Originally Posted by Jodiuh
Ok, I used EZFlash and the MSI BIOS.
My clock is all over the place...1210, 1046, etc. Voltage is bouncing around too.
This should not be happening, right? I was under the impression my clocks would STAY @ 1210 and my voltage would STAY @ 1.2.
It is perfectly normal for clocks and voltage to change under unsteady load. Gaming and similar loads are generally somewhat unsteady because what is being rendered changes all the time. Voltage will change to match the appropriate voltage level for the clock speed - the two will always change together.
The reason they change is because different tasks produce different load on the GPU. Not all loads make the CPU produce as much heat, even if they run at the same clock speed. So if the card is bumping along it's set TDP limit, if a few lightweight frames are getting rendered the clock speed will go up and it'll still stay within the TDP. On heavier frames, the TDP will go up and the card will clock back accordingly.

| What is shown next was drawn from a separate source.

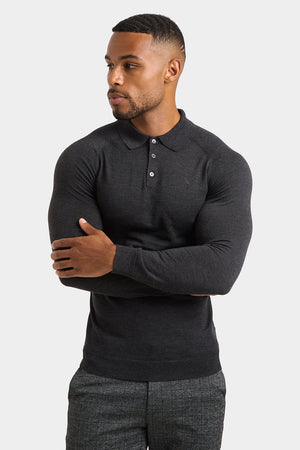 Merino Wool Polo Shirt in Forest Marl - TAILORED ATHLETE - ROW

As I said before the headline default and boost clock speeds are nothing more than a marketing con, because all cards will throttle below default clocks when idle and boost above the boost clocks under load if the temperature limit, power limit, voltage limit and maximum clock limit allow.
Bouncing clocks are actually bad for performance - every time the clock speed transition occurs, all the pipelines in the processor have to get flushed before the state is transitioned. This costs you a few clock cycles at every transition. It can also cause stutter during play, but this is to some extent covered up by the fact that at least one frame is always pre-rendered.

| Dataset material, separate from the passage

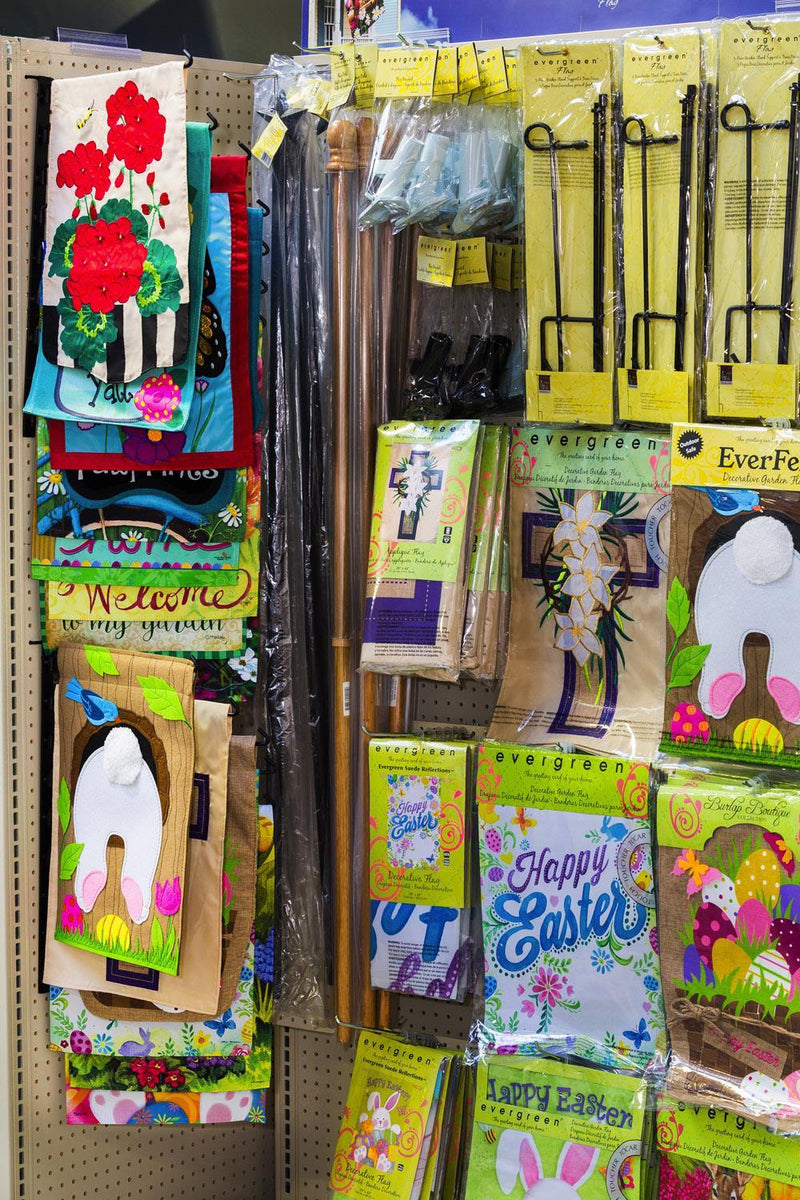 Garden Flag Waterfall Display for Pegboard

If you are tuning for actually using the card for a real purpose (e.g. gaming or computation) rather than some arbitrary bragging rights, and you find the clock speed is all over the place under long term load (e.g. I find my clock/voltage settles after 10 seconds or so and doesn't move much after that) you can limit the maximum boost clock so that under maximum steady state load it never hits the power/thermal/voltage limits; it should hit maximum boost first, which will cause it to just stay there. It will reduce your maximum frame rate (on those easy to render frames), and thus lower your benchmark results, but it will improve the fps stability and under a stady state load (e.g. computation), improve overall performance slightly. Note that the maximum boost clock is not the same as the boost clock shown by GPU-Z. Dump the BIOS and open it in KBT, on the first tab you'll see what the maximum boost clock is set to.
From the screenshot you posted, that looks fine. A clock speed transition every few seconds is fine. It's when the clock speed starts transitioning on most readings that the performance will deteriorate.